Matilda Bay or Crawley Bay (known originally as Currie's Bay, then Sutherland's Bay) is a natural bay in the Swan River in Western Australia, adjacent to the Perth suburb of Crawley.  It extends from Pelican Point to Mounts Bay Road below Kings Park.

The University of Western Australia is immediately opposite.  Other landmarks on Matilda Bay include Matilda Bay Restaurant, Pelican Point Sea Scouts, Royal Perth Yacht Club, UWA Rowing Club and Mounts Bay Sailing Club.

A well-known bronze sculpture that is located at the site of the former Crawley Baths – Eliza is displayed just offshore from Mounts Bay Road and depicts a woman preparing to dive.

Matilda Bay Reserve is a recreational parkland between Hackett Drive and the river.  It includes Pelican Point, which is an important breeding sanctuary for migratory birds.

Matilda Bay is believed to have been named after the wife of John Septimus Roe, Matilda (née Bennett).

History

Captain Currie was the first colonial owner of the  estate surrounding the bay, at that time known as Currie's Bay. Pelican Point was then known as Point Currie.  The estate was sold in 1832 to the Assistant Surveyor and Colonial Treasurer, Henry Charles Sutherland for £100. Sutherland named the property Crawley Park after his mother's maiden name and the bay became known as Sutherland's Bay. In 1876 Crawley Park was sold to Sir George Shenton, and the bay was known generally as Crawley Bay.

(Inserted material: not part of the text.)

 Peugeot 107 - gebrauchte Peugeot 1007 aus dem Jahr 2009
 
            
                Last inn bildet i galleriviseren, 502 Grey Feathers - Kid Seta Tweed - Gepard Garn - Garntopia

After Shenton's death in 1909, the estate was acquired by the Government in 1910 and vested in the University of Western Australia in 1912.

Some of the present foreshore, west of Crawley Baths, was created by land reclamation to allow Mounts Bay Road to be widened.

The US Navy had a fleet of 60 Catalina flying boats based at Matilda Bay during World War II, part of Naval Base Perth.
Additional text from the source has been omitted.